RBI also highlighted the requirement for Canara Bank to align its stake in these entities with the 30% cap by October 31, 2029, as per exemptions granted by the Government of India.
This strategic stake sale aligns with Canara Bank’s broader objectives of unlocking value and meeting regulatory mandates, further strengthening its position in the financial ecosystem.
Canara Robeco AMC, established in 1993 as Canbank Mutual Fund, became a joint venture with the Robeco Group in 2007, evolving into Canara Robeco Mutual Fund. Currently, the mutual fund market includes listed entities like Aditya Birla Sun Life AMC, HDFC AMC, Nippon AMC, and UTI AMC.
Pralay Mondal, MD & CEO, CSB Bank mentioned that, “The move to lower CRR is a welcome step as it releases funds for banks to lend.
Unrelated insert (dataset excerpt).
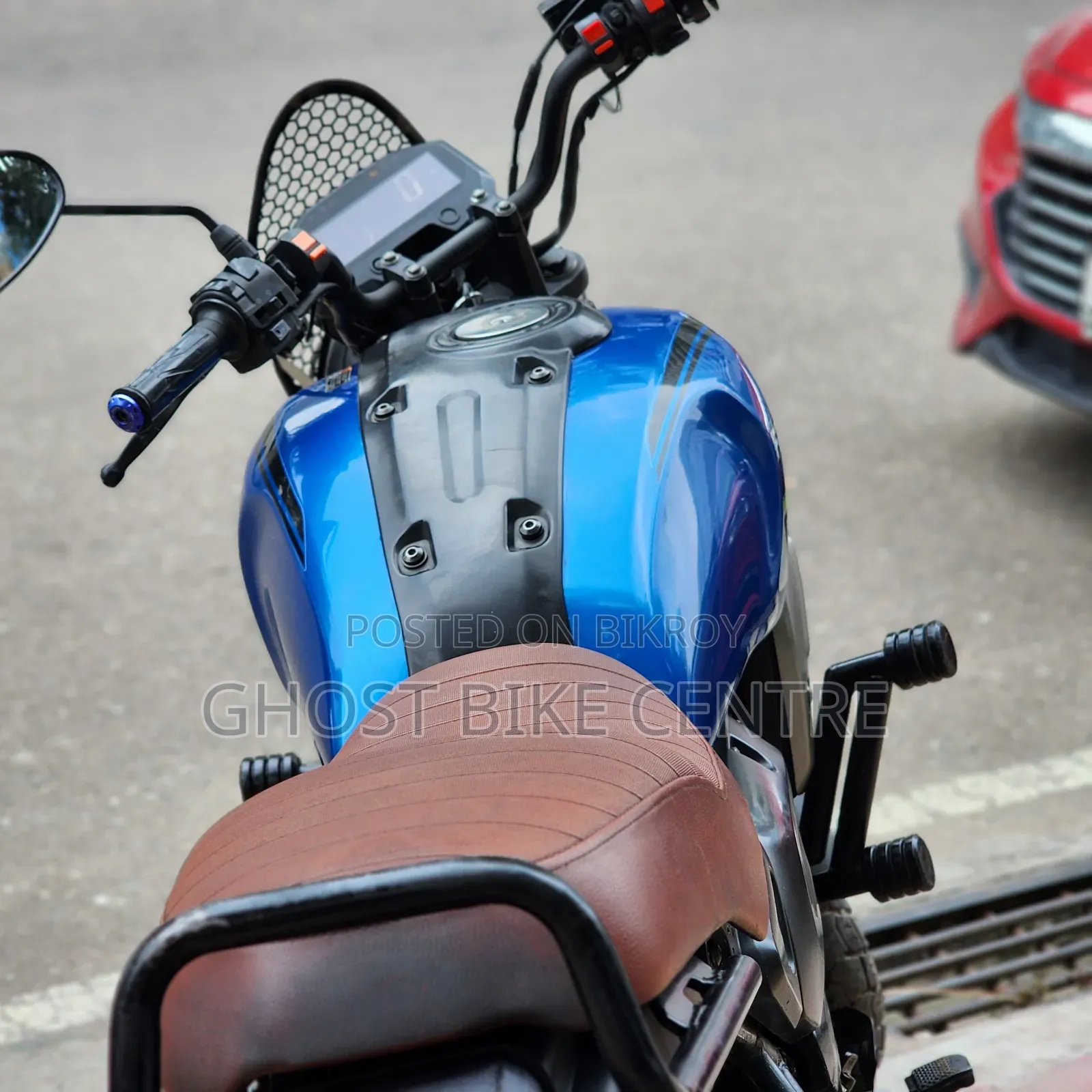 Yamaha FZ-X 2025 Blue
RBI’s stance on inflation and therefore on Repo rate will have long term implications of lowering inflation and stabilising currency. SORR is a much needed benchmark as it incorporates both regulatory rates and market sentiments. Overall a very prudent approach which focuses on long term interests of the country while calibrating the short term mismatch.”
Deepak Ramaraju, Senior Fund Manager, Shriram AMC stated, “The RBI Monetary Policy Committee kept the repo rates unchanged based on 4:2 voting. The committee also kept the Marginal Standing Facility (MSF) and Standing Deposit Facility (SDF) unchanged. The primary focus is to ensure price stability and hence the focus is to bring inflation down to the target. The RBI has opinioned that the slowdown has bottomed out in Q2 FY 25 and indicated a pickup in high-frequency indicators. The rural demand has shown early signs of recovery whereas the urban demand remains muted. The RBI has reduced the GDP growth projection from 7.2% to 6.6% in FY 25. The RBI has revised the projected inflation to 5.7% in Q3 and 4.6% in Q4 of FY 25. The entire year’s CPI projection is changed to 4.8% from 4.5%. Further to improve the liquidity, the RBI has cut the CRR by 50 bps to 4%.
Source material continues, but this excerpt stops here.